%%
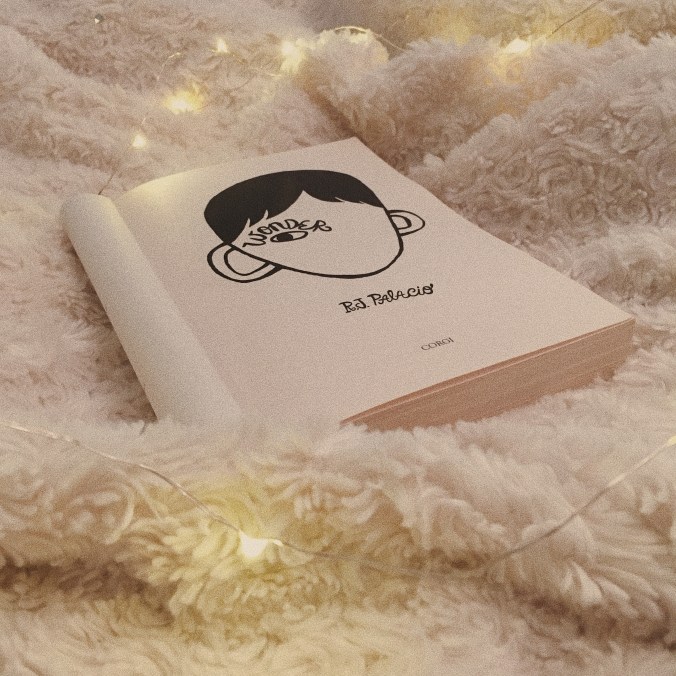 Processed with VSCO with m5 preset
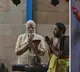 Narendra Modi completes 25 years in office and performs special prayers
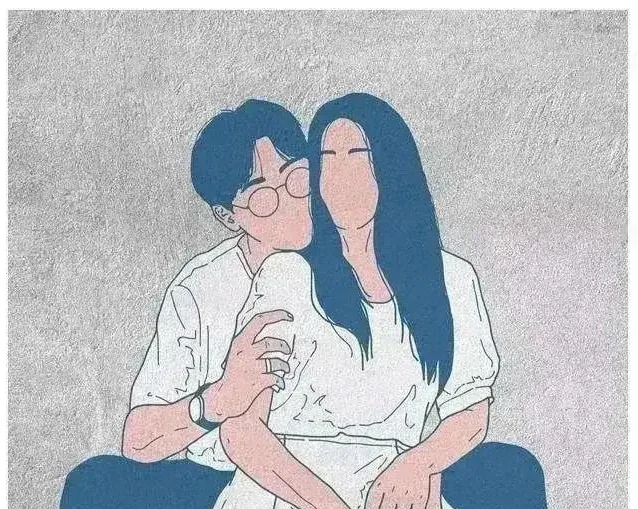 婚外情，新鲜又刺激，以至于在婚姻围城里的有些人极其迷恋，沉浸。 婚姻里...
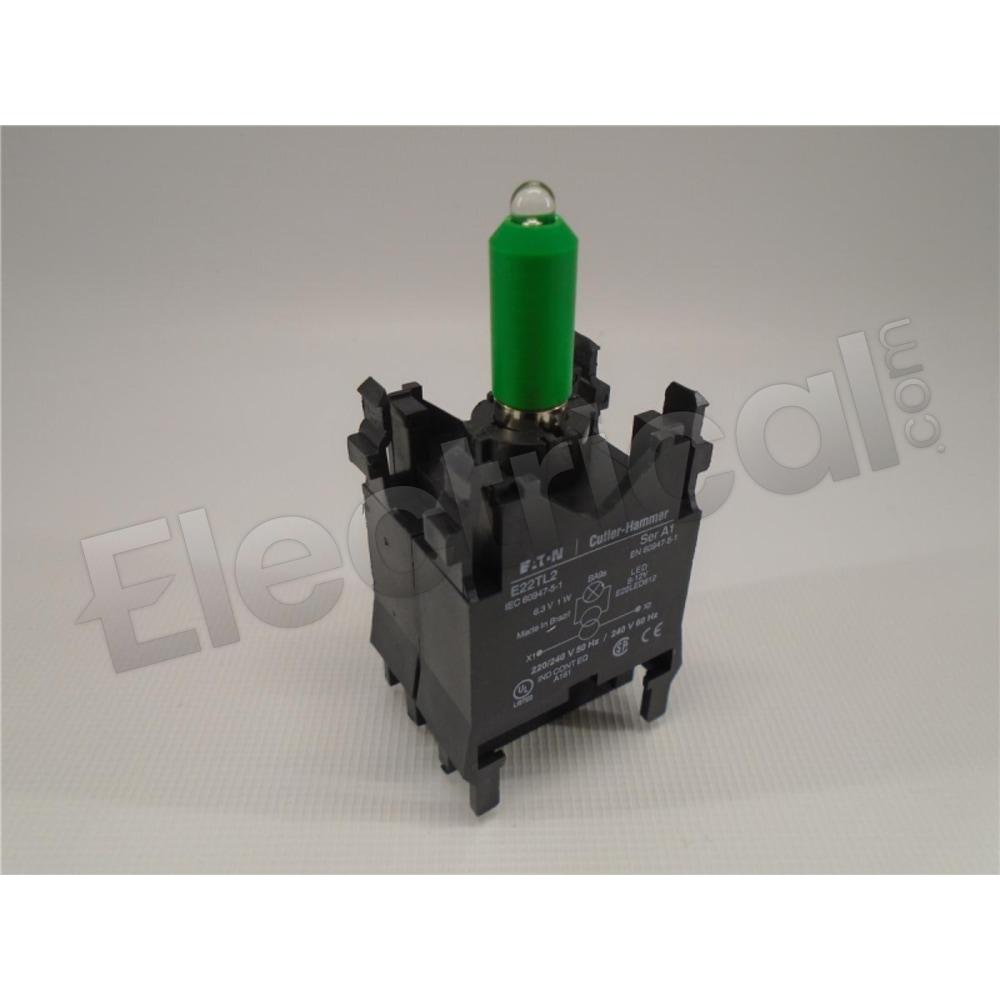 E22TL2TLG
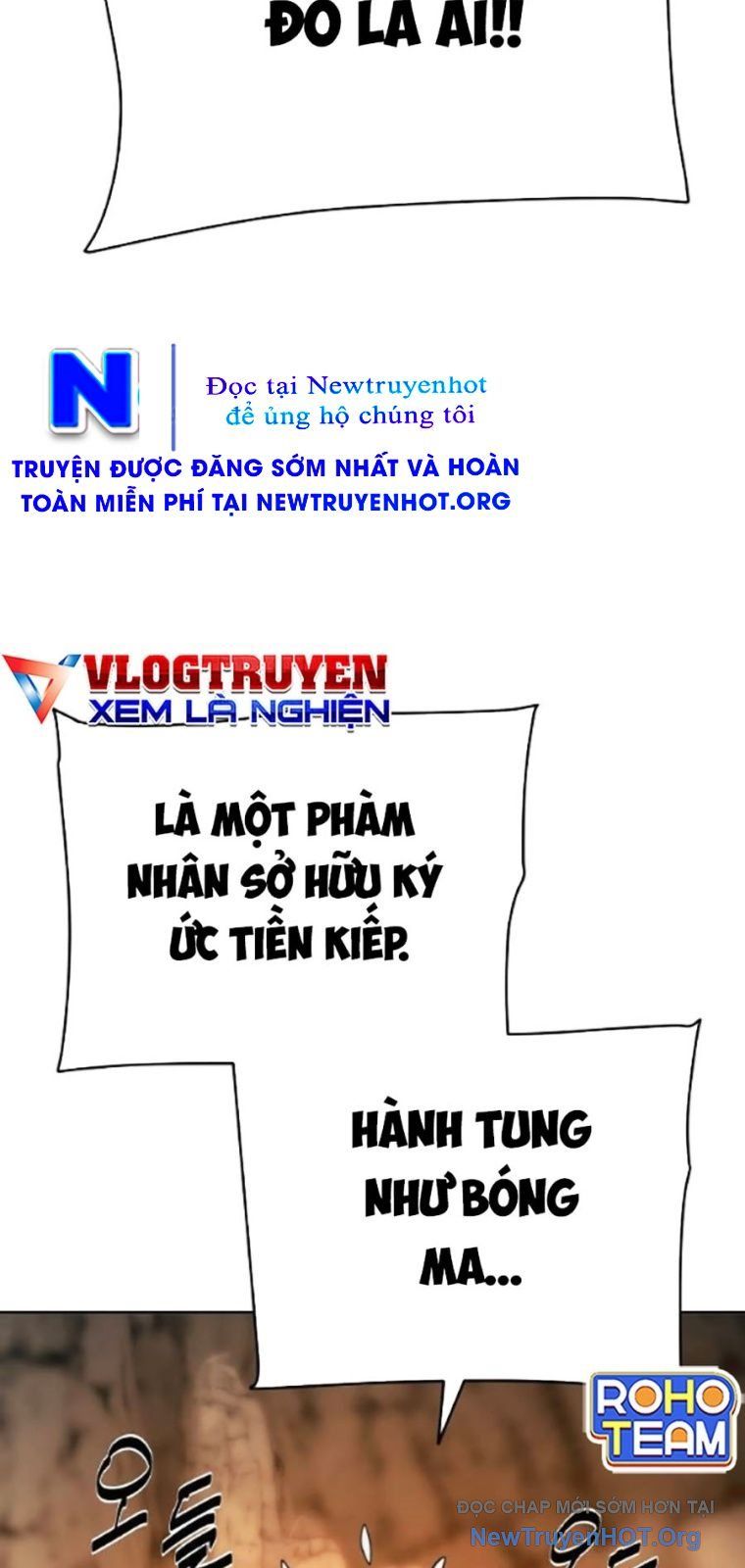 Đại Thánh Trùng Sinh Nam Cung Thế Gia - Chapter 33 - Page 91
%%
The problem ▸ Print, word for word, every entry shown above; the pictures stay out.

Answer section ▸
 Processed with VSCO with m5 preset
 Narendra Modi completes 25 years in office and performs special prayers
 婚外情，新鲜又刺激，以至于在婚姻围城里的有些人极其迷恋，沉浸。 婚姻里...
 E22TL2TLG
 Đại Thánh Trùng Sinh Nam Cung Thế Gia - Chapter 33 - Page 91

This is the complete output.